HOW TO COMPLETE THIS TASK — In the listing, locate the line containing "Oma pildiga iPhone telefonikaaned", then quote it and all following lines exactly. Omit pictures.

SOURCE MATERIAL —
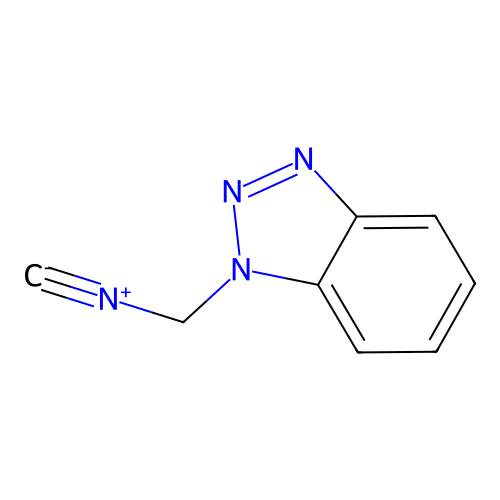 1-(Isocyanomethyl)-1H-benzotriazole structure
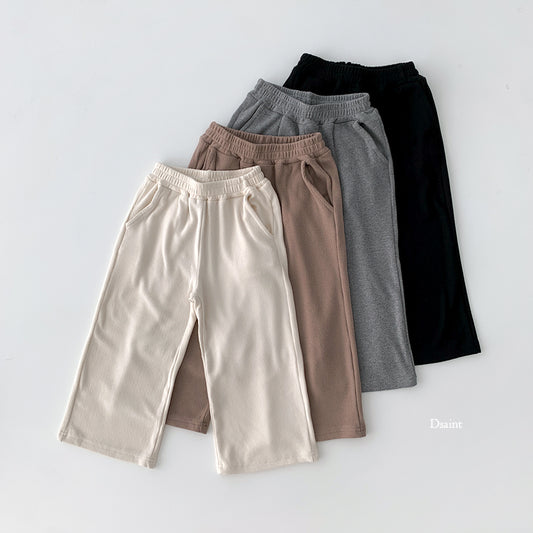 [PRE-ORDER] Soft Knit Wide Pants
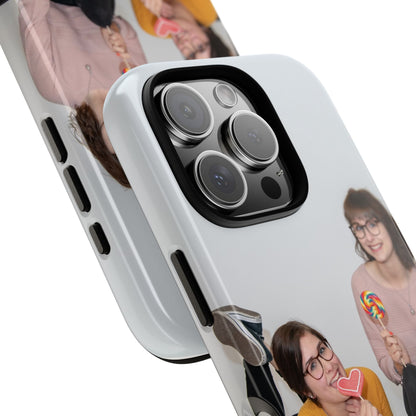 Oma pildiga iPhone telefonikaaned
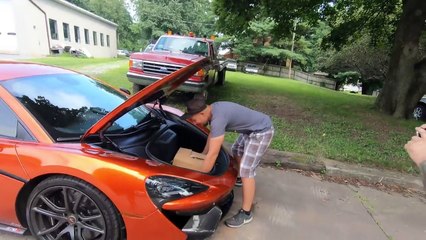 NEW EXHAUST MAKES MY MCLAREN SHOOT MASSIVE FIREBALLS!!! **Could Be Dangerous**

SOLUTION TO THIS EXERCISE —
 Oma pildiga iPhone telefonikaaned
 NEW EXHAUST MAKES MY MCLAREN SHOOT MASSIVE FIREBALLS!!! **Could Be Dangerous**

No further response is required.